How do we know this is true? It's obvious that there are a whole lot more kids with reading difficulties today than a generation, or two, or three, before. It's obvious that kids come to college with much, much smaller vocabularies than in the past, and so college work has had to be dumbed down significantly. We're also spending many, many times more money on education, per pupil, than in the past. The productivity of school has taken a precipitous decline. And the main reason is that teachers no longer use a phonics-only approach to teaching reading in the early grades.

 

What's the proof? The excellent literacy that's achieved in those few classrooms around the country where phonics-only reading is employed. In the lowest-income neighborhoods, with the most non-English speaking children, 100% of the children are reading and writing at grade level. They are able to decode multisyllabic words at age 6, and to write full sentences with perfect grammar and punctuation. Romalda Bishop Spalding, the reading teacher for whom the Spalding method of teaching phonics was named, has said that in the decades she taught in the ghettos of Harlem in New York City, she could count on the fingers of one hand the kids who couldn't read and write at grade level.

 

            It appears that schools got away from phonics-only instruction years ago when educational psychologists became convinced that, since good readers scan text rapidly as wholes, instead of decoding individual words one by one, beginning readers should be taught that technique, too. It's called "Whole Language," and it has muscled aside phonics-only instruction in our schools, to our peril.

 

            Publishers loved Whole Language because it requires so much more in the way of "consumables" - worksheets and little booklets and other teaching materials. So they've made more money, by far, and that's why school is costing so much more, by far. Whole Language books for early primary pupils were written - or, shall we say, "pre-engineered" -- with easily-recognizable "sight words." A different set of about 200 were prepared for each grade level.
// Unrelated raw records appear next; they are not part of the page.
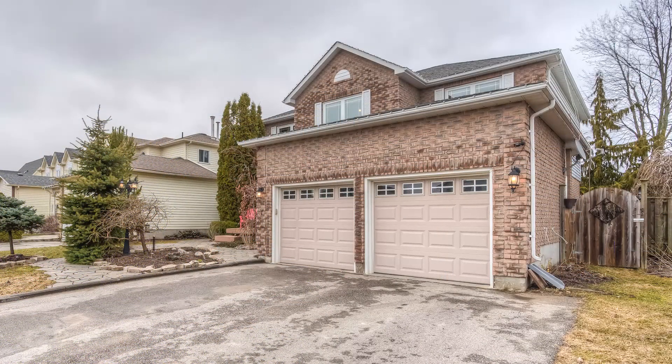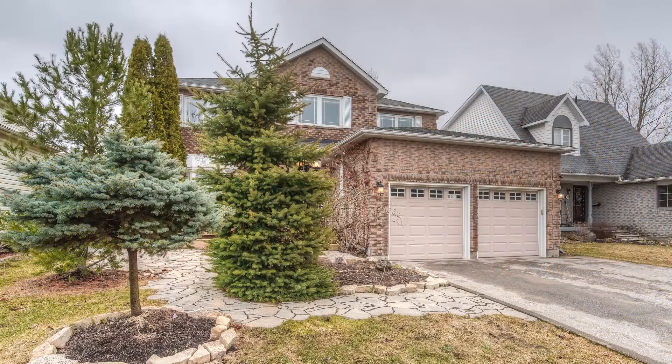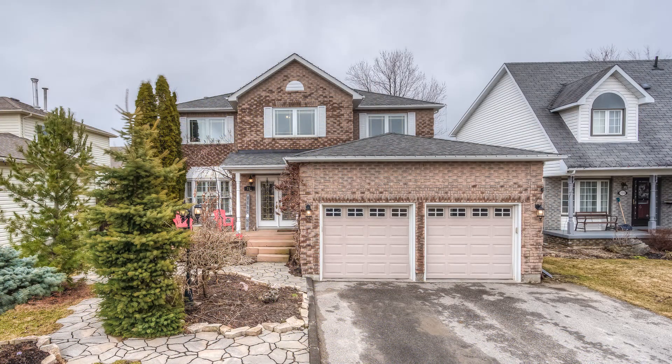Ready now and built to a scale that matches this property, this is a terrific family home loaded with finished space inside.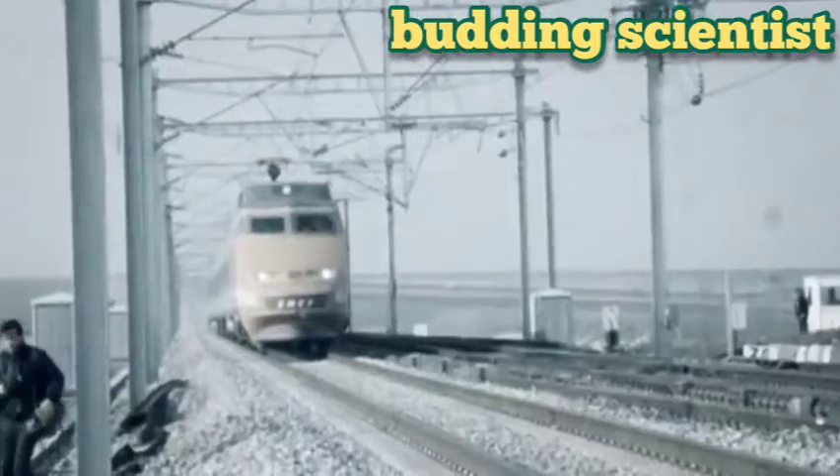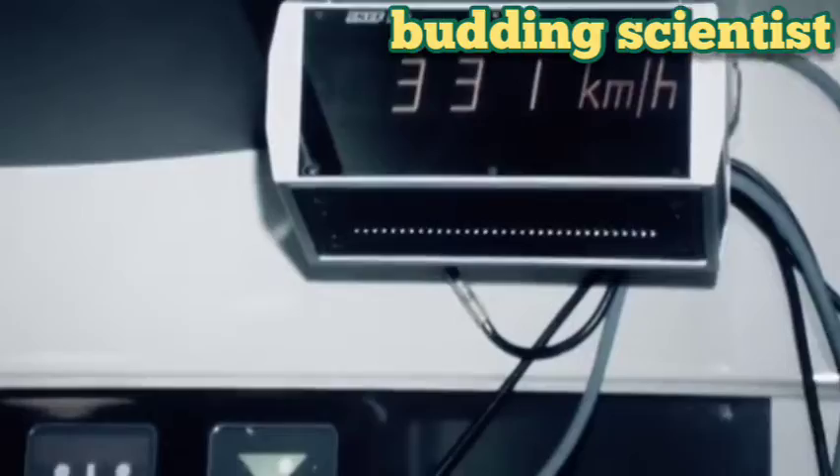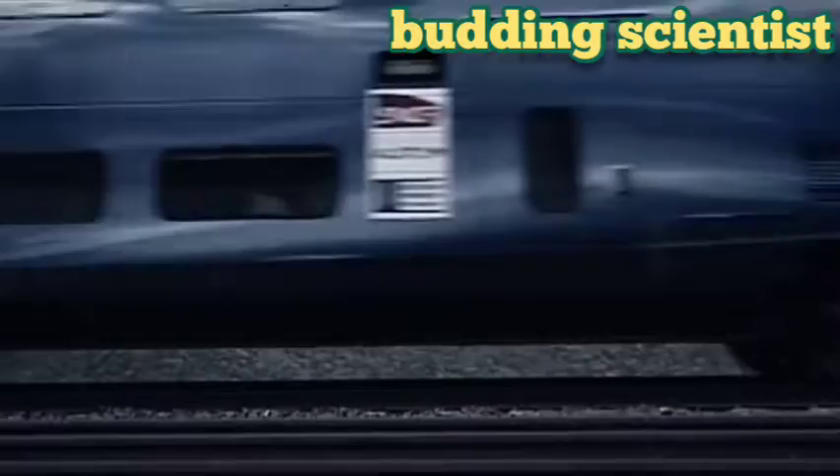The oil price crisis of the period put paid to that. Electric traction became the power of choice. And though the look of the locomotives and their performance has progressed since the service was initiated in 1981, the basic principles that get the power to the wheels have not.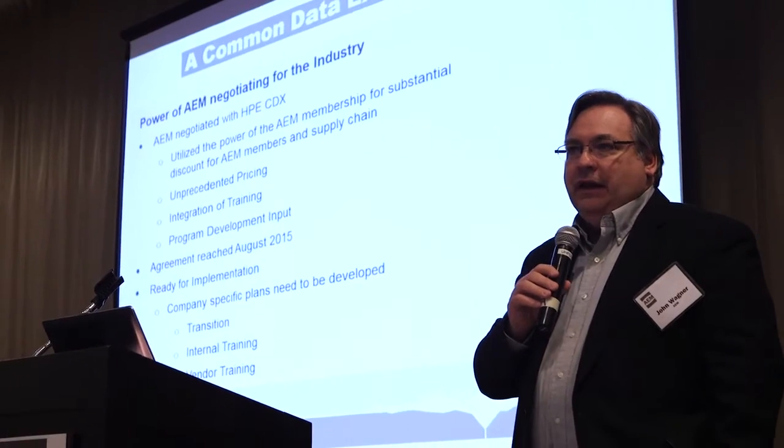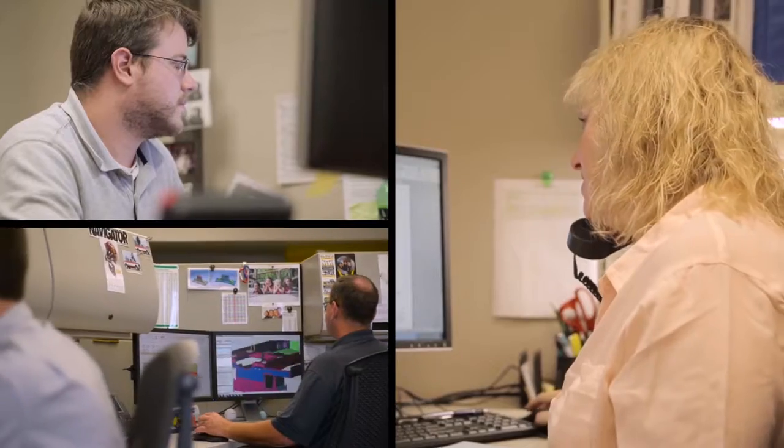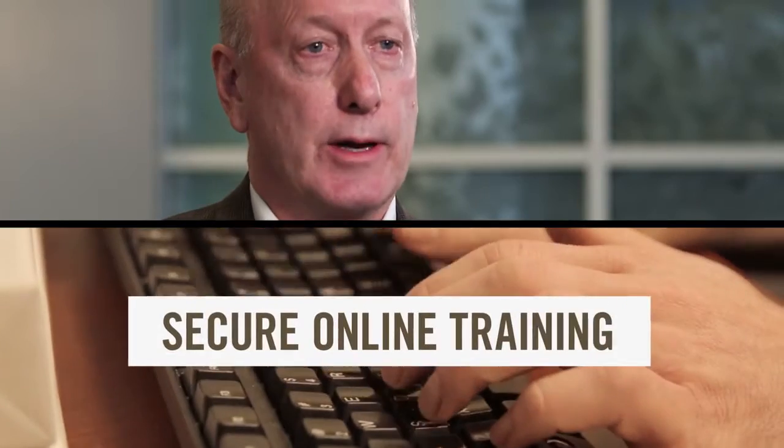How AEM has approached this problem is we've created what we call our AEM Market Access Pathway Program, or MAP for short. It allows people to train their members with this online training environment. An OEM or anybody else that uses this MAP program can basically track the training that is taking place all the way down through the entire supply chain.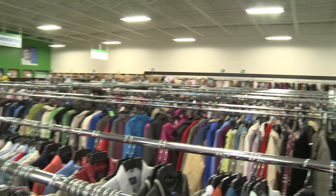Hey guys, it's Chelsea from the Green Team. I'm here at Goodwill in Cranberry, giving you a step-by-step on how to find the perfect Halloween costume at Goodwill.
Kids quickly memorized those sight words, and when they read the specially-prepared readers, it looked as though they were reading with great facility.

 

            Unfortunately, though, those educational psychologists were dead wrong. When kids advance into the later grade school years, and on into their secondary school careers, they hit a brick wall when they encounter unfamiliar words. They only know how to memorize - not decode. With their shrunken vocabularies, stuck with sight words, they have poor reading comprehension. The ed psych crowd didn't realize that good readers can scan whole sentences at a time because they have already done the work of establishing the brain architecture necessary to do that. Since Whole Language denies kids that, they are disabled . . . and for the most part, for life.